(Caption-style text data)
• • • • • • •

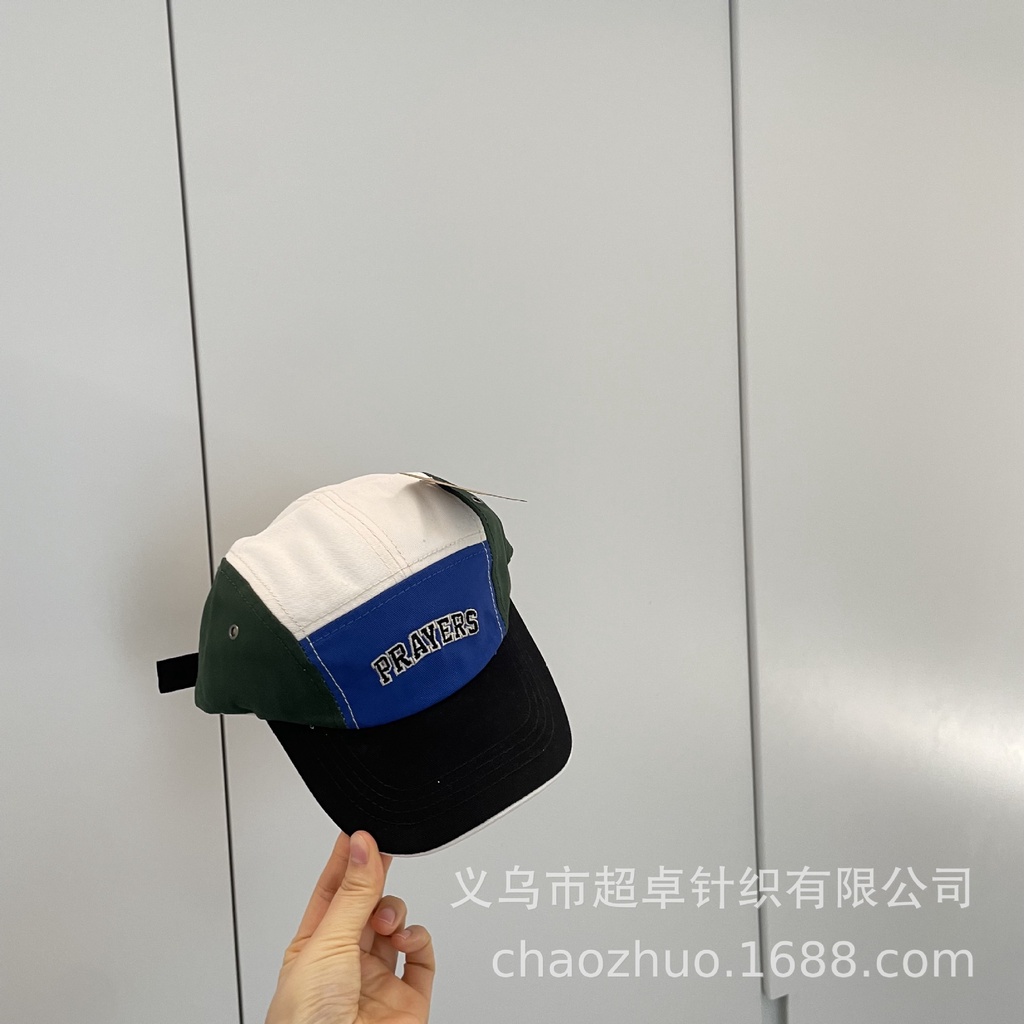 Mũ bóng chày phối màu Prayer cho bé trai bé gái mới nhất B74-21278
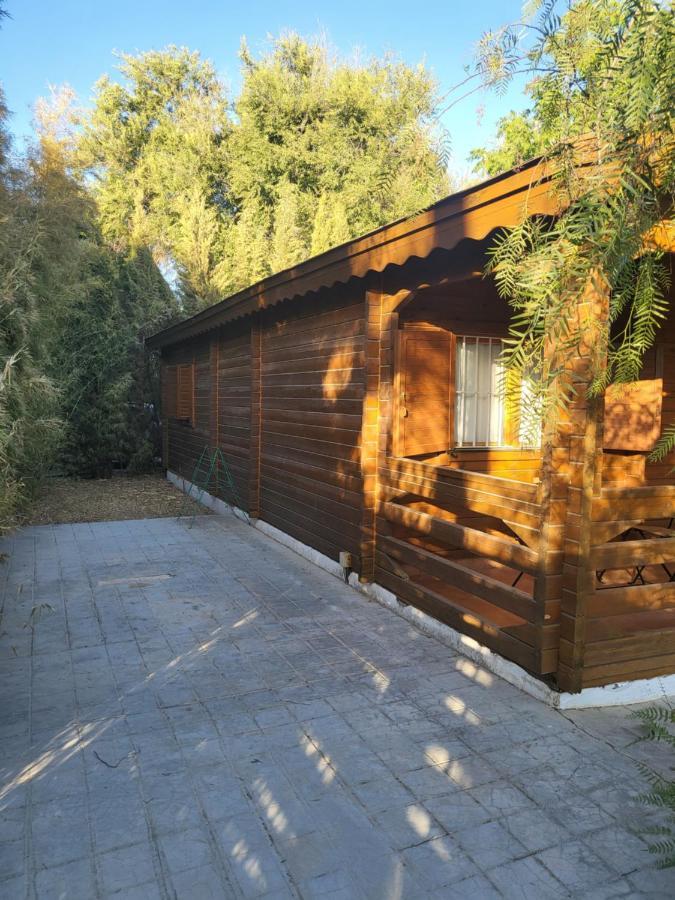 セビリア Casa Madera Urbanizacion Socorroヴィラ エクステリア 写真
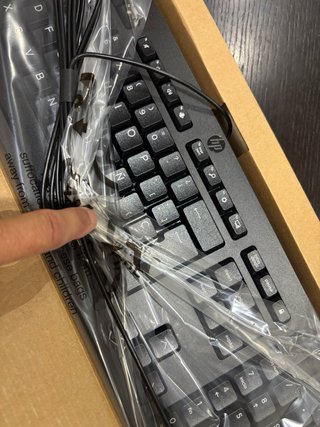 Tastiera HP TPAL001K Nero
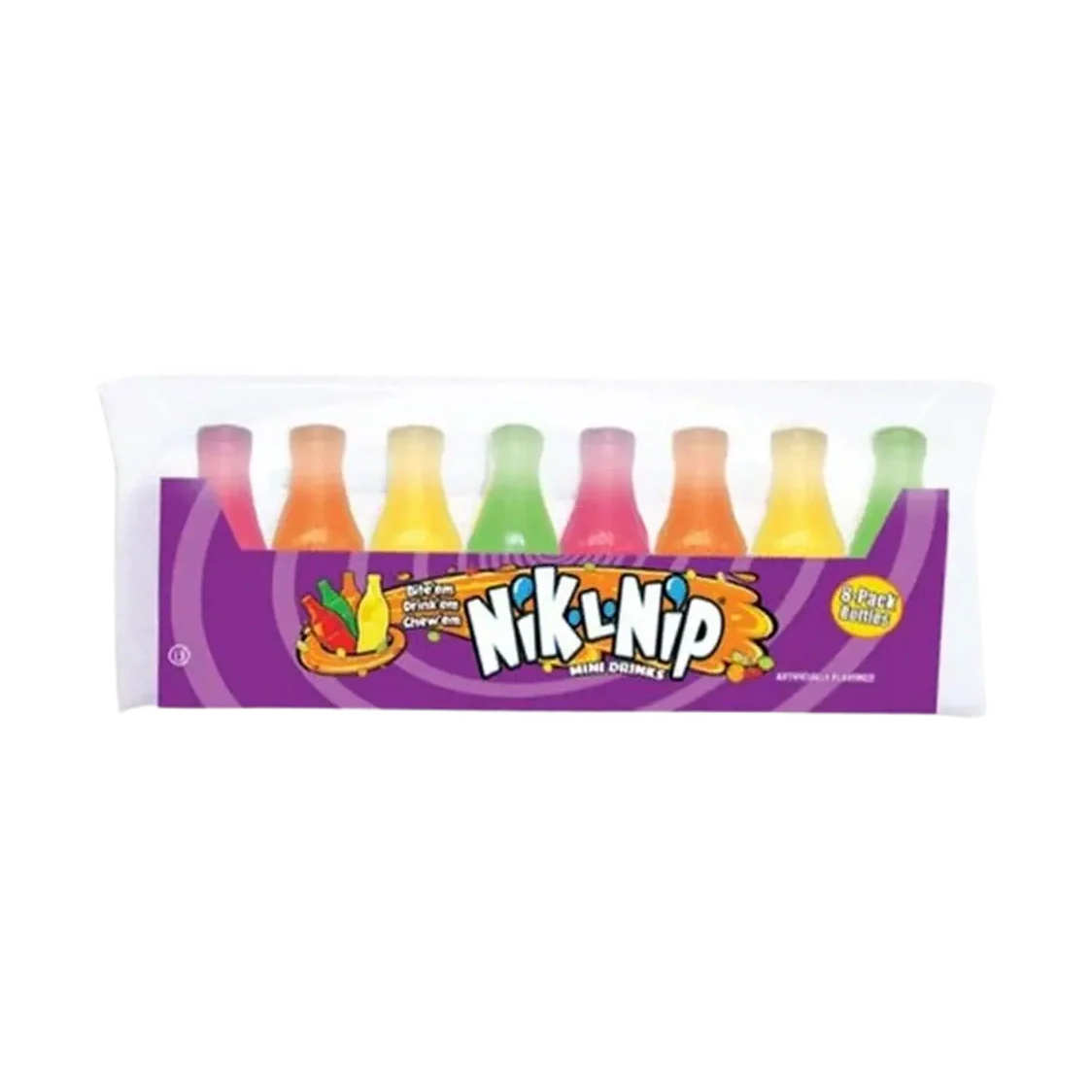 Nik-L-Nip 8 Mini Drinks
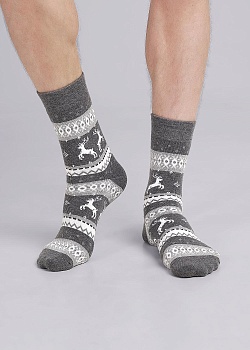 Носки цветные Новый год для мужчин Clever 179043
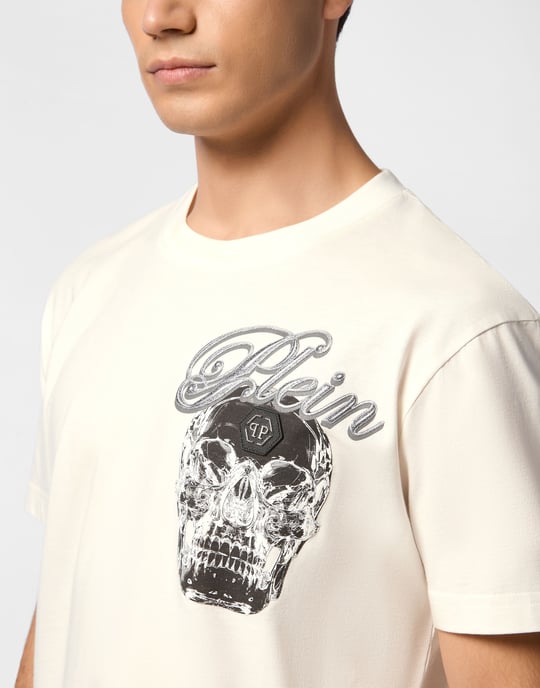 T-Shirt Rundhalsausschnitt Ss Skull - Image 2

• • • • • • •

▶ **Work order**
Leaving images out, please output every line of the data exactly.

▶ **Finished task**
 Mũ bóng chày phối màu Prayer cho bé trai bé gái mới nhất B74-21278
 セビリア Casa Madera Urbanizacion Socorroヴィラ エクステリア 写真
 Tastiera HP TPAL001K Nero
 Nik-L-Nip 8 Mini Drinks
 Носки цветные Новый год для мужчин Clever 179043
 T-Shirt Rundhalsausschnitt Ss Skull - Image 2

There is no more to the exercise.